The network will comprise 40 Wi-Fi hotspots – thirty of which are already live, with the remainder set to come online over the summer.
It will cover the busiest parts of the city centre for shopping and leisure, including the seafront around Brighton Pier, North Laine, Queen’s Road, St James’ Street and West Street and Western Road in the city centre, as well as parts of Hove and London Road, to the north of the city.
“BT already operates the largest Wi-Fi network in the UK and it is great news that even more people will be able to use the technology thanks to this collaborative project,” said Brighton and Hove City Council lead for ICT, Caroline Penn.
"The scheme will mean free and unlimited Wi-Fi for everyone when they’re out and about in the city centre in range of one of the new hubs.”
“This builds on other work the council is doing to encourage more people to get online, including free Wi-Fi in public buildings and computer courses and training sessions in our libraries.”
BT has agreed to make the "BrightonHovefreewifi" network available at no cost to the council, in return for which it gets access to lamp posts and other items of street furniture to install mobile infrastructure over a 10-year period.
Residents and the city’s 11.5 million annual tourist visitors alike will be able to log on to the network for free, with unlimited access, the same as other city centre Wi-Fi networks owned and managed by BT in places such as Cardiff, Glasgow and Plymouth.
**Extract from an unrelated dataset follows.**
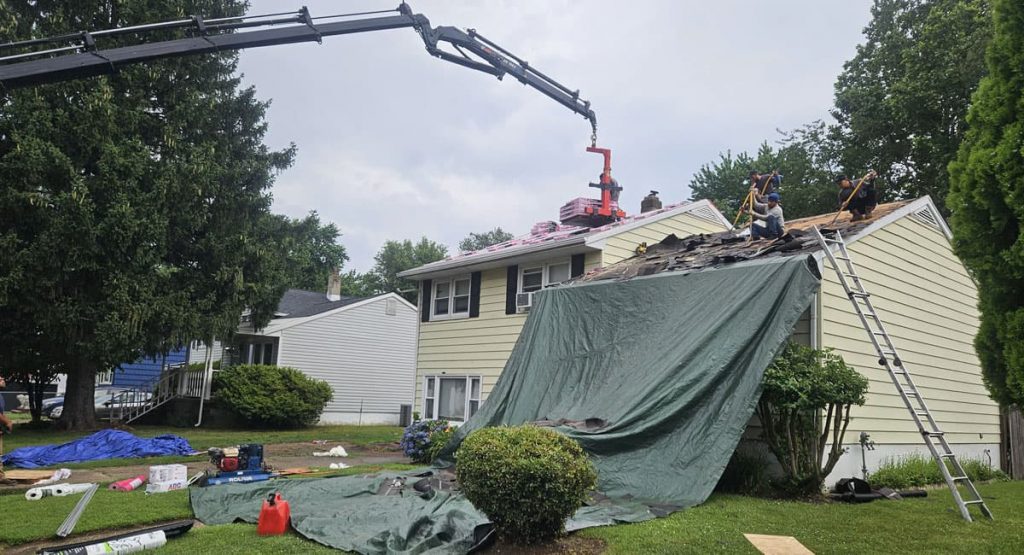 Tearing off old roof in New Castle, DE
The telecoms operator already has five million hotspots around the UK, and has recently added services in a number of towns and cities.
Erik Raphael, director for BT devices and BT Wi-fi, said: “The project makes Brighton and Hove the first city centre in the south east to have a free BT Wi-fi network and will make a big contribution to the connectivity of the city.
“Knowing Brighton and Hove’s reputation as a vibrant digital hub, I’m sure the new network will prove to be very popular and extremely well used.”
Earlier in April 2016, fibre altnet Hyperoptic switched on a gigabit broadband service in Brighton and Hove, offering download speeds many times faster than what is generally available in the city.
Hyperoptic works extensively with property developers to build in fibre-to-the-premises (FTTP) broadband in new-build developments, and is targeting a thousand customers in Brighton and Hove by the end of the year.